When exported ore or concentrate is refined elsewhere, a portion of the finished product returns to Africa for use. The same material that was sold at a lower value now enters the continent at a much higher price. Minerals exported in raw or semi-processed form reappear as finished products, priced according to their importance in downstream markets. In many cases, the institutions that extract and export the raw materials are also positioned to carry out refining and midstream processing outside Africa. They acquire the resource at a lower value, increase its worth through processing, and reintroduce it into the market at a higher price. As a result, the economic return generated from these materials is largely realized outside the point of extraction. At the same time, the environmental and operational burdens associated with mining and concentration — including waste generation, tailings management, and local impacts — remain at the source. This creates an imbalance in which physical and environmental costs are retained locally, while a significant share of the economic value is realized elsewhere.

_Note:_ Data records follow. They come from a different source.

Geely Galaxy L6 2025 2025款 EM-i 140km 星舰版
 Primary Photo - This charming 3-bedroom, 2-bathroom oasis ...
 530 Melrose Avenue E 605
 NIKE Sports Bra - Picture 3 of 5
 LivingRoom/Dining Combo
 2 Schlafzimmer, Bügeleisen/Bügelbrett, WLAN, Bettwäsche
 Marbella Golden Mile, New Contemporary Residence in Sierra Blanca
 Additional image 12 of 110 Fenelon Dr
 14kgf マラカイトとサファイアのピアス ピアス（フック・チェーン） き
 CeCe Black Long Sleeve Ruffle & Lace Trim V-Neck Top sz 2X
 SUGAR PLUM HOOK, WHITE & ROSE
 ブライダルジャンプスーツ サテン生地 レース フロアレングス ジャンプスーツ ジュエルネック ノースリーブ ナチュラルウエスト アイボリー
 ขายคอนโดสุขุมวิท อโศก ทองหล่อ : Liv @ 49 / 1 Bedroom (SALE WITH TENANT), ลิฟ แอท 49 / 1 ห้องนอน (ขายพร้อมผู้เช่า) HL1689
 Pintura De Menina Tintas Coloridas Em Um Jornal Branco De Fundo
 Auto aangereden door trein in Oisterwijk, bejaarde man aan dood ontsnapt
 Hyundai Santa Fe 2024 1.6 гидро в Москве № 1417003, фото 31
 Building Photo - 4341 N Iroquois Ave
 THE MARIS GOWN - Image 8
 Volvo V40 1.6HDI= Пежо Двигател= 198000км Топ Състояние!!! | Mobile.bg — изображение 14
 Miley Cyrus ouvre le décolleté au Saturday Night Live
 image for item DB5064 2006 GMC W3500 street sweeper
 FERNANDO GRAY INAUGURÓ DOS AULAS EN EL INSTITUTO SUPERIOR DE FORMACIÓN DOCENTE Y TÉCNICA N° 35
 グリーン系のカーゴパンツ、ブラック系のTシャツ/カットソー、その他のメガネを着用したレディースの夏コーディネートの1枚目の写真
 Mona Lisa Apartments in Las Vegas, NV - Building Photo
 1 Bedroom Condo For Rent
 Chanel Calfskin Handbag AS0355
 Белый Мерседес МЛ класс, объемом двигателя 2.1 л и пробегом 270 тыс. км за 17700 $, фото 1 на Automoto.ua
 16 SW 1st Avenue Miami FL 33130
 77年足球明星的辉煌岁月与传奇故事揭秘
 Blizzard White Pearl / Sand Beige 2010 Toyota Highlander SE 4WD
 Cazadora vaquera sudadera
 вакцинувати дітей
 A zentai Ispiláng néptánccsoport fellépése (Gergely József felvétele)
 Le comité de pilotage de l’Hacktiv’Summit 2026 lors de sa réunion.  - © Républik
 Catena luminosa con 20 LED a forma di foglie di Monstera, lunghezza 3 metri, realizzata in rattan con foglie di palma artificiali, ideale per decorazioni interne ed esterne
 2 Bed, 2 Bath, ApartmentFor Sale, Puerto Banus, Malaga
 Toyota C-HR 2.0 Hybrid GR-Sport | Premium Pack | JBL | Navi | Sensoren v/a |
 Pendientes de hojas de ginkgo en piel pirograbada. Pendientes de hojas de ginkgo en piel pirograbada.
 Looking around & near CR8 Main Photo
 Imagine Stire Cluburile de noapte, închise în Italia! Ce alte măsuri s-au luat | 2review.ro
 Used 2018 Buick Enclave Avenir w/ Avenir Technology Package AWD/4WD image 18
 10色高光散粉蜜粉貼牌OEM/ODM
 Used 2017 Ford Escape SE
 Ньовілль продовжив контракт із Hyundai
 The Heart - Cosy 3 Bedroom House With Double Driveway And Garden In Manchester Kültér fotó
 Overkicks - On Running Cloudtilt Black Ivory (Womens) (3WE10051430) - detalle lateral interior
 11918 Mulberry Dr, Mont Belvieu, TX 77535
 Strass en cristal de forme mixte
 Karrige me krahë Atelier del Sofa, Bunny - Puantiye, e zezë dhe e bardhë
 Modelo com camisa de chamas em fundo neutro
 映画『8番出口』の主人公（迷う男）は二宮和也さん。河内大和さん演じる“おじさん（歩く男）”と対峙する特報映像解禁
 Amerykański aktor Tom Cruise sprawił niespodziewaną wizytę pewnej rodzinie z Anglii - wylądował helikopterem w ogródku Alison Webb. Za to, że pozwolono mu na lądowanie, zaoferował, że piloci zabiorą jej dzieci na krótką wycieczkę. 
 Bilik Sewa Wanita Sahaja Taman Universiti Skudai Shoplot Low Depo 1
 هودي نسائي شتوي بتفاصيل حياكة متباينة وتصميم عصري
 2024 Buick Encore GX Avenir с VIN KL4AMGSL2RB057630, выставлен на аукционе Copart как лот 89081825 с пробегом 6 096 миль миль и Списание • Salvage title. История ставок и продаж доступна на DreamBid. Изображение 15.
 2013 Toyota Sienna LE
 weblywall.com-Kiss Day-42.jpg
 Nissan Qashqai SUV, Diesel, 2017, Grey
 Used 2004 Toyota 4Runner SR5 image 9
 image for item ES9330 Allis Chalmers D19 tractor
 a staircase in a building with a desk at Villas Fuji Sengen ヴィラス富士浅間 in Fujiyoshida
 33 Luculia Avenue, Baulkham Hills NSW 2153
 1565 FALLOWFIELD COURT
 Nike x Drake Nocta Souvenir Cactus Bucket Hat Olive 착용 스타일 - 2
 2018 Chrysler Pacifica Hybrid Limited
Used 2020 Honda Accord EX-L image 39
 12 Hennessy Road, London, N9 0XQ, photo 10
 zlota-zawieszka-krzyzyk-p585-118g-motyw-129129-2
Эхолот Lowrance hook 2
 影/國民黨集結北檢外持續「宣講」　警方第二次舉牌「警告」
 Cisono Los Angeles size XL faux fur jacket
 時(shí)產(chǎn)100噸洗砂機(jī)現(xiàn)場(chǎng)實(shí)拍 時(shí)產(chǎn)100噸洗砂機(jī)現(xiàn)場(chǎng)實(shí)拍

Refining creates the bulk of the value associated with minerals and shapes the structure of industrial activity around them. Once refining capacity is established, related industries begin to cluster nearby. Activities such as alloy production, component manufacturing, and specialized processing develop alongside refining operations. Over time, this leads to the formation of integrated supply chains, where infrastructure, technical expertise, and market access reinforce one another. In this way, processing does not only transform materials — it anchors industrial ecosystems.
Africa increasingly functions as both a starting point and an end-market within the minerals economy. Demand for metals is expanding across the continent, driven by infrastructure development, electrification, and emerging manufacturing. In the absence of local refining capacity, this demand is met through imports of refined materials. The refining gap is not limited to physical infrastructure, but reflects a broader absence of accumulated knowledge, operational experience, and integrated industrial networks. These capabilities develop over time and reinforce one another, making refining capacity difficult to establish and time-consuming.
The conditions surrounding minerals refining are beginning to change. Across resource-rich economies, policy direction is shifting toward domestic processing, export models are being reconsidered, and the economics of refining are becoming increasingly viable. In this context, the development of domestic refining capacity alters the structure of trade. Resources are no longer exported solely as low-value inputs, but can be processed in situ and sold at full market value. In this way, value is not only captured within the system, but no longer purchased from outside the continent.